Statements (2) and (3) together make me think that perhaps $\hat{\boldsymbol\beta}_\lambda^*$ also converges to the appropriately normalized $\mathbf X^\top \mathbf y$, but I am not sure if this is correct and I have not managed to convince myself either way.

Best Answer

#A geometrical interpretation

The estimator described in the question is the Lagrange multiplier equivalent of the following optimization problem:

$$\text{minimize $f(\beta)$ subject to $g(\beta) \leq t$ and $h(\beta) = 1$ } $$

$$\begin{align} f(\beta) &= \lVert y-X\beta \lVert^2 \\ g(\beta) &= \lVert \beta \lVert^2\\ h(\beta) &= \lVert X\beta \lVert^2 \end{align}$$

which can be viewed, geometrically, as finding the smallest ellipsoid $f(\beta)=\text{RSS }$ that touches the intersection of the sphere $g(\beta) = t$ and the ellipsoid $h(\beta)=1$


Comparison to the standard ridge regression view

In terms of a geometrical view this changes the old view (for standard ridge regression) of the point where a spheroid (errors) and sphere ($\|\beta\|^2=t$) touch. Into a new view where we look for the point where the spheroid (errors) touches a curve (norm of beta constrained by $\|X\beta\|^2=1$). The one sphere (blue in the left image) changes into a lower dimension figure due to the intersection with the $\|X\beta\|=1$ constraint.

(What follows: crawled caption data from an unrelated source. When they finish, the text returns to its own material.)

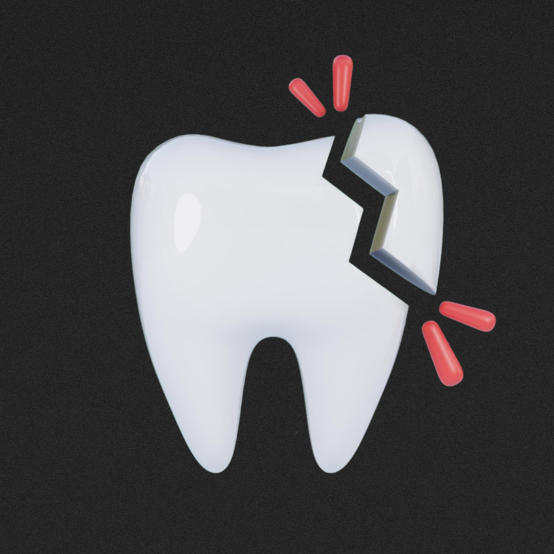 Остался осколок после удаления зуба: что делать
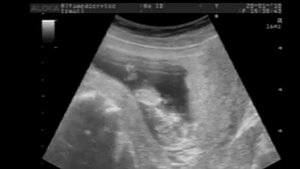 😻😻 УЗИ.12 недель. Монохориальная беременность-двойня. Ultrasound -twins.Поля и Даша в животике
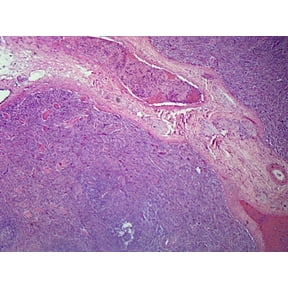 Human Spleen; Section; H&E Stain by Go Science Crazy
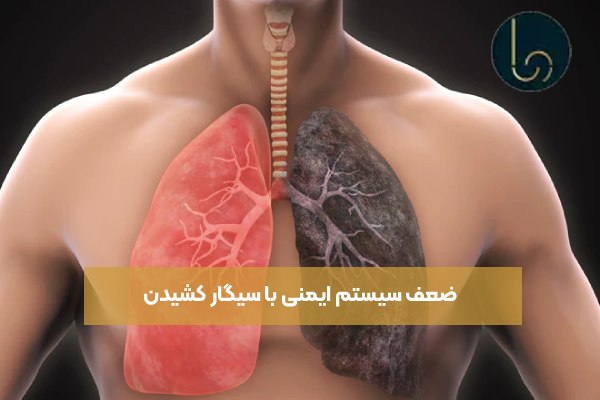 ضعف سیستم ایمنی با سیگار کشیدن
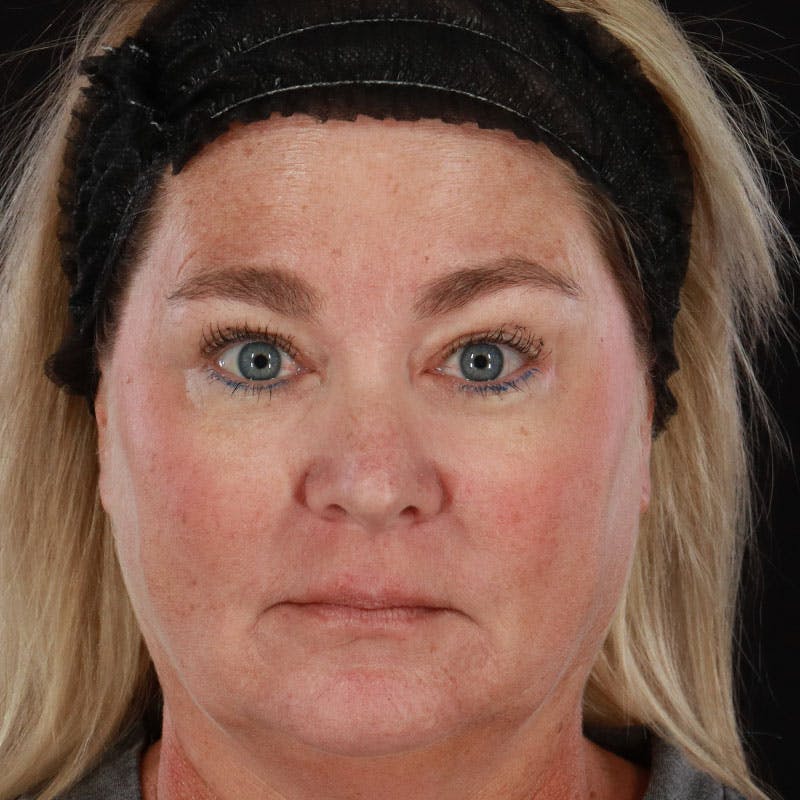 Botox/Dysport/Jeuveau Before & After Gallery - Patient 188515435 - Image 4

In the two dimensional case this is simple to view.

geometric view

When we tune the parameter $t$ then we change the relative length of the blue/red spheres or the relative sizes of $f(\beta)$ and $g(\beta)$ (In the theory of Lagrangian multipliers there is probably a neat way to formally and exactly describe that this means that for each $t$ as function of $\lambda$, or reversed, is a monotonous function. But I imagine that you can see intuitively that the sum of squared residuals only increases when we decrease $||\beta||$.)

The solution $\beta_\lambda$ for $\lambda=0$ is as you argued on a line between 0 and $\beta_{LS}$

The solution $\beta_\lambda$ for $\lambda \to \infty$ is (indeed as you commented) in the loadings of the first principal component. This is the point where $\lVert \beta \rVert^2$ is the smallest for $\lVert \beta X \rVert^2 = 1$. It is the point where the circle $\lVert \beta \rVert^2=t$ touches the ellipse $|X\beta|=1$ in a single point.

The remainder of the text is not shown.